* _Task objective_
Set down each line of the material that follows exactly, and leave its pictures out.

>>>

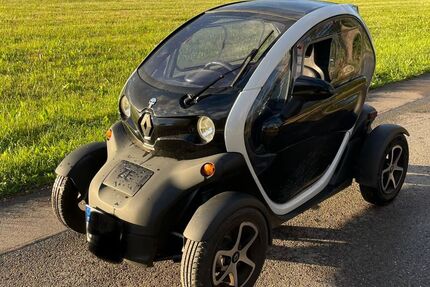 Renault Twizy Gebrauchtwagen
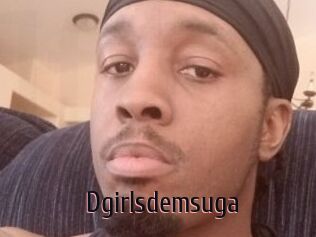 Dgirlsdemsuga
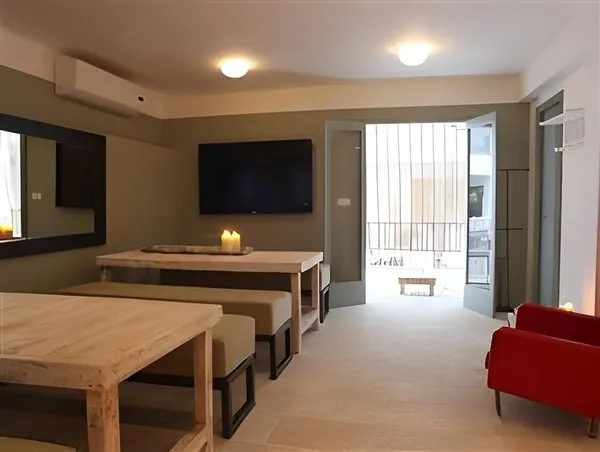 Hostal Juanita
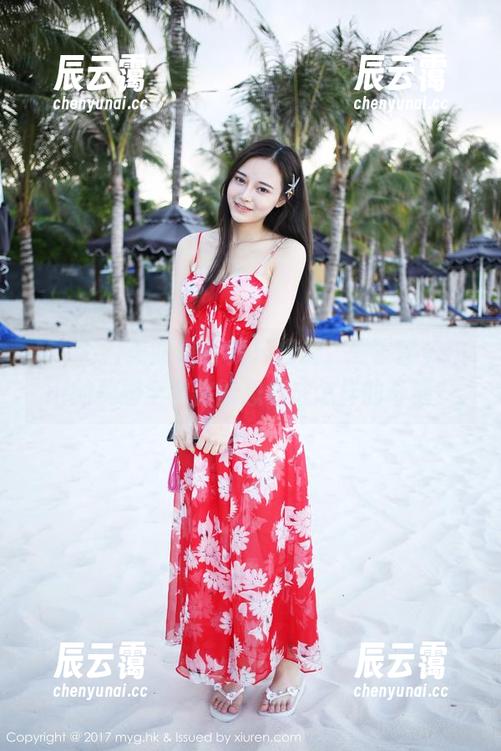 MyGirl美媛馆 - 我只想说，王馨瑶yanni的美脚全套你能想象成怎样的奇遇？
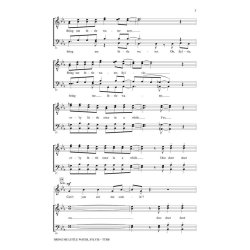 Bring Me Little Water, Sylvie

<<<

* _Answer area_
 Renault Twizy Gebrauchtwagen
 Dgirlsdemsuga
 Hostal Juanita
 MyGirl美媛馆 - 我只想说，王馨瑶yanni的美脚全套你能想象成怎样的奇遇？
 Bring Me Little Water, Sylvie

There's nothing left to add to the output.